Setelah berhenti beberapa saat untuk mengatur mode serangan; seluruh rombongan bergerak maju menuju Probolingo; dan setelah dua paal berbaris, sekelompok pemberontak ditemukan dan mereka mundur. Banyak mayat penduduk pribumi ditemukan menghalangi pergerakan detasemen, Mayor Forbes memutuskan untuk maju bersama Detasemen Resimen ke-78 Yang Mulia. Djayang Sekar dan satu meriam. Pada jarak dua paal; tiga meriam lapangan ditemukan diletakkan di jalan, dan ditutupi oleh banyak tubuh pemberontak, Terutama bersenjatakan tombak; mereka langsung diserang, dan ketika Detasemen telah mencapai jarak 20 yard dari mereka, dilanjutkan tembakan keras selama bergerak maju, mereka buru-buru melarikan diri, meninggalkan meriam, dan sejumlah orang tewas dan terluka.
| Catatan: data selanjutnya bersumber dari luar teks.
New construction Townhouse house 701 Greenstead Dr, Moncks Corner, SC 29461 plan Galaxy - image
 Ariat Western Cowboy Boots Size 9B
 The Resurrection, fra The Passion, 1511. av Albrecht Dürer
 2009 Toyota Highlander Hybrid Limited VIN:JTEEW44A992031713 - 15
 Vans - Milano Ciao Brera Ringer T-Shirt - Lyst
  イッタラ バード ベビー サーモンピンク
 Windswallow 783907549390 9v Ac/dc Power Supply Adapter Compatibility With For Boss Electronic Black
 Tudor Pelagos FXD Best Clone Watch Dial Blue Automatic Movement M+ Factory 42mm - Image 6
Setelah pertempuran sepanjang satu paal, dua meriam lagi terlihat di jalan yang tertutup seperti sebelumnya, hanya saja dengan kekuatan yang lebih besar, dengan dua bendera kuning besar, yang memberikan alasan untuk mengira Pimpinan pemberontak yang memerintahkan. Mereka berteriak dan maju menemui Detasemen, untuk memberi semangat, Mayor Forbes mengambil posisi di setiap sisi jalan, mengarahkan pasukan. Djayang Sekar menjaga jarak di belakang. Pemberontak maju sambil berteriak, dan Detasemen, yang menahan tembakan hingga jarak beberapa yard, melancarkannya ke arah mereka dengan cara yang paling efektif dan destruktif; setelah beberapa saat mereka berlari, dan berpencar ke segala arah. Sang Pimpina, ketika akhirnya ditinggalkan oleh orang-orangnya, bergegas maju, dan ditangkap, terluka parah; Pimpinan kedua kemudian dibawa masuk, menderita hukuman yang sangat pantas diterimanya, dan saudara laki-laki dari pimpinan pemberontak tersebut kemudian juga terbunuh. Oleh karena itu, penghancuran pemberontak dapat dianggap selesai, dan laporan selanjutnya menyebutkan, bahwa Mayor Forbes telah kembali dengan Detasemennya ke Sourabaya .

Sangat memuaskan untuk menambahkan bahwa tidak satupun dari Detasemen yang gagah berani itu terbunuh, dan hanya dua yang terluka – dan distrik tersebut telah dikembalikan ke ketenangan yang sempurna.